EXERCISE GOAL: A word-for-word copy of the lines below, starting at the line with "ValerieComplex's tweet image." and ending at the last one, is what you should give. Omit every picture.

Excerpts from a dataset
▼▼▼

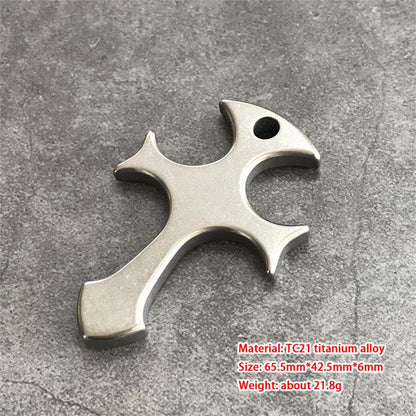 Collier croix en titane poing américain Self Defense EDC Tool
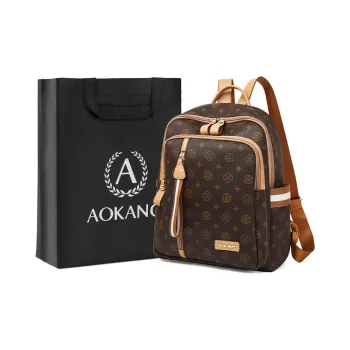 AOKANG PVC Backpack Laptop Bag Regular Women's Coffee/Ecru
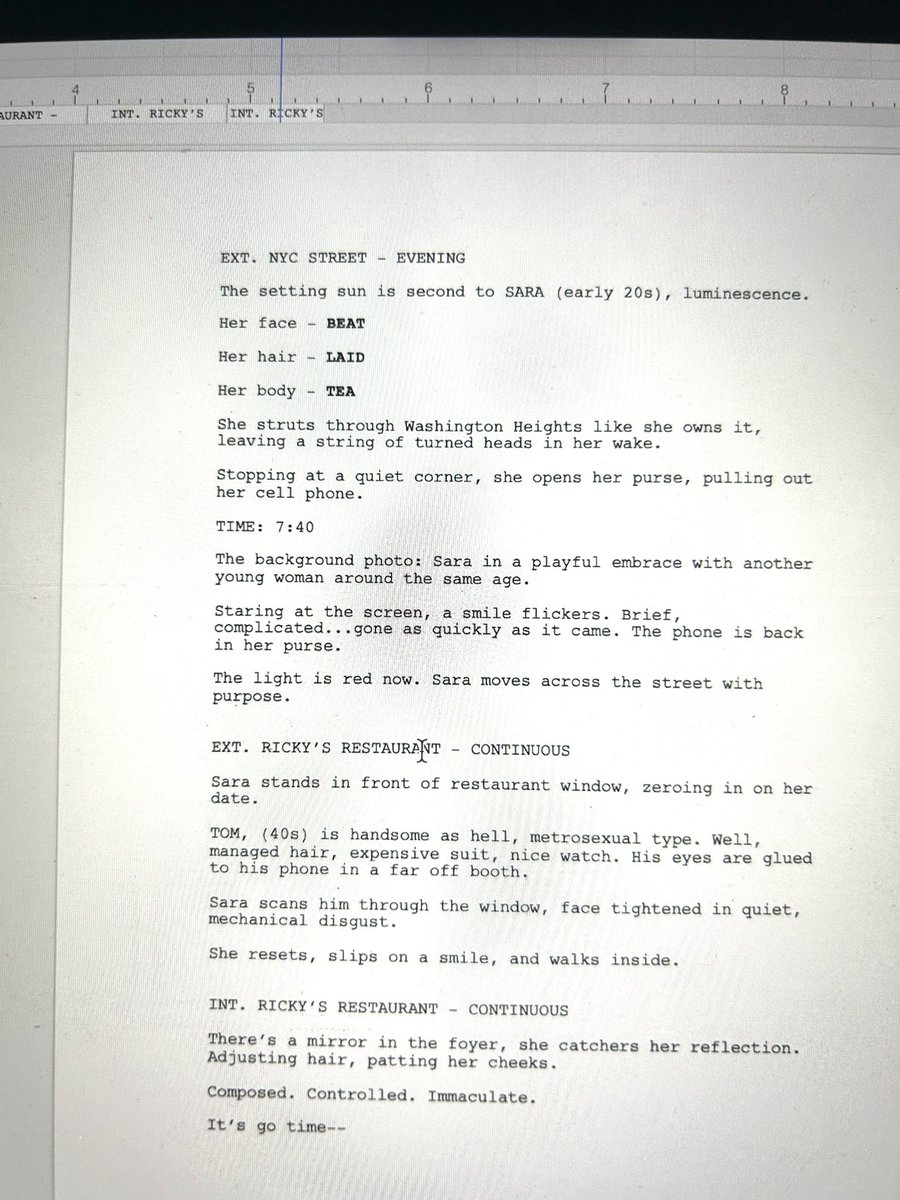 ValerieComplex's tweet image. I have been cooking up! In the past 9 months I’ve written 7 scripts:

3 shorts
2 features
1 OG pilot
1 TV Spec

Most in the horror/thriller genre. Here’s the first page of my latest with the current working title:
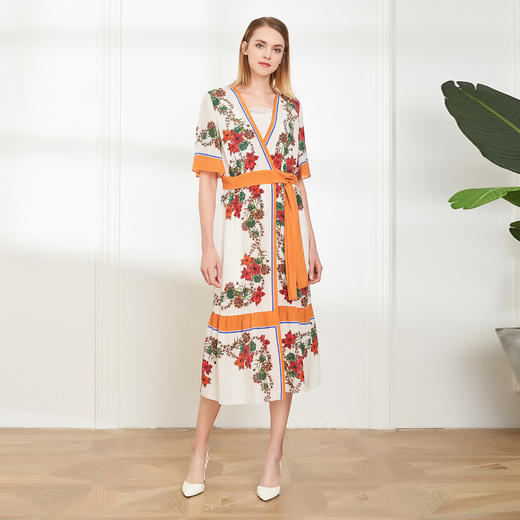 RF8A2斯尔丽夏季新款桑蚕丝时尚度假修身腰带短袖中长款连衣裙 商品图2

▲▲▲

SOLUTION TO THIS PROBLEM:
 ValerieComplex's tweet image. I have been cooking up! In the past 9 months I’ve written 7 scripts:

3 shorts
2 features
1 OG pilot
1 TV Spec

Most in the horror/thriller genre. Here’s the first page of my latest with the current working title:
 RF8A2斯尔丽夏季新款桑蚕丝时尚度假修身腰带短袖中长款连衣裙 商品图2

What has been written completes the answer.